The antitumorigenic activity of HNK is thought to be exerted via activation of GR, which accumulates in the nuclei of HNK-treated HCC cells [73]. GR activation stimulates mitogen-inducible gene-6 (MIG-6) expression. MIG-6, which is encoded by the ERBB receptor feedback inhibitor 1 gene (ERRFI1), is a cytoplasmic protein that functions as a tumor suppressor in lung, skin, breast, pancreatic, and ovarian malignancies [74,75,76]. Moreover, MIG-6 is reportedly downregulated in human HCC, and this is correlated with increased expression of EGFR [77]. Given that HNK induces GR translocation to the nucleus, it may be conceivable that MIG-6 expression and subsequent EGFR degradation mediate the ability of HNK to interfere with the progression from NASH to HCC [73]. In addition, ERRFI1 expression in patients with NAFLD decreased in parallel with disease progression, characterized by severe inflammation, strong ballooning degeneration, and advanced fibrosis.
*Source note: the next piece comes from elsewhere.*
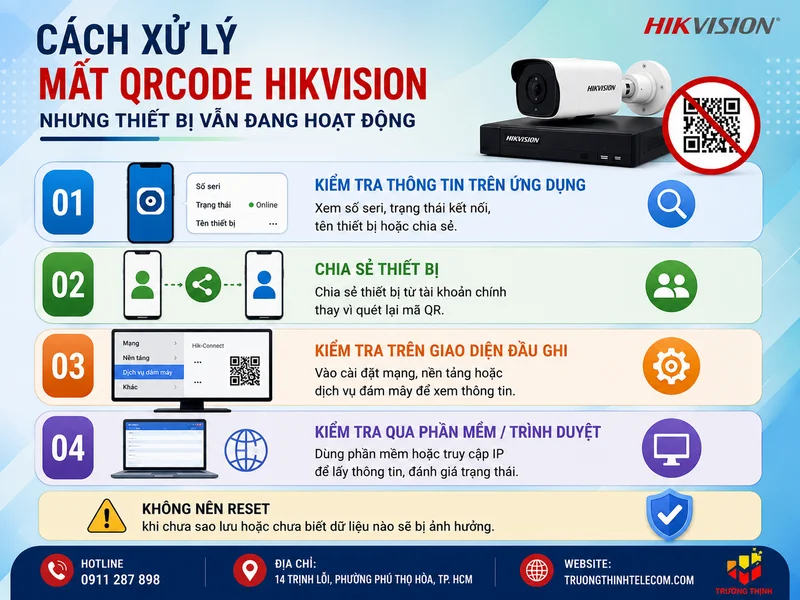 Cách xử lý khi mất QRCode Hikvision nhưng thiết bị vẫn đang hoạt động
Advanced NASH exhibited decreased ERRFI1 and increased EGFR expression, which supports the clinical importance of the MIG-6/EGFR axis in NASH-induced HCC development. Therefore, induction of ERRFI1 expression, in response to GR activation by HNK, could be a strategy for HCC prevention in patients with chronic liver diseases, particularly those with NAFLD [73].
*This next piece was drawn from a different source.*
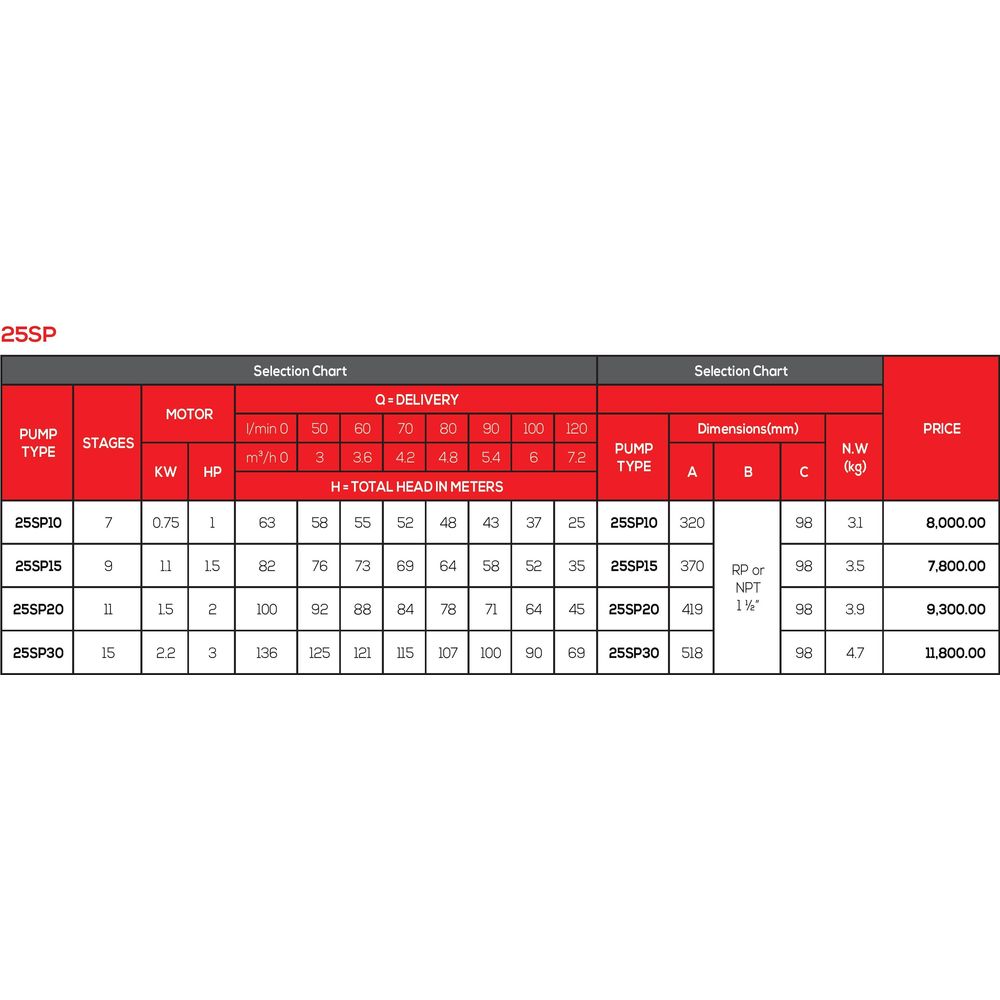 Speroni Submersible Pump End | Speroni by KHM Megatools Corp.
Taken together, the evidence thus far indicates that the GR/MIG-6 axis is implicated in the degradation of EGFR to retard the progression of NASH to HCC. HNK activates MIG6 expression, leading to EGFR inhibition, and exerts anti-tumor effects and anti-fibrotic ones.

6. Future Therapeutic Drugs in Development

6.1. Pharmacological Agents in Clinical Trials

Current clinical trials investigating the use of pharmacological agents for the treatment of NAFLD (Table 1) tend to focus on GLP-1 receptor agonists, SGLT2 inhibitors, or PPAR agonists. For example, the efficacy of the GLP-1 receptor agonist semaglutide in the treatment of NAFLD has been investigated intensively [38]. Furthermore, molecules with dual activity against glucose-dependent insulinotropic polypeptide (GIP) receptor and GLP-1 receptors, such as tirzepatide [78] and BI456906 (ClinicalTrials.gov identifier: NCT04771273), may offer better blood glucose and weight control compared with currently available GLP-1 receptor agonists.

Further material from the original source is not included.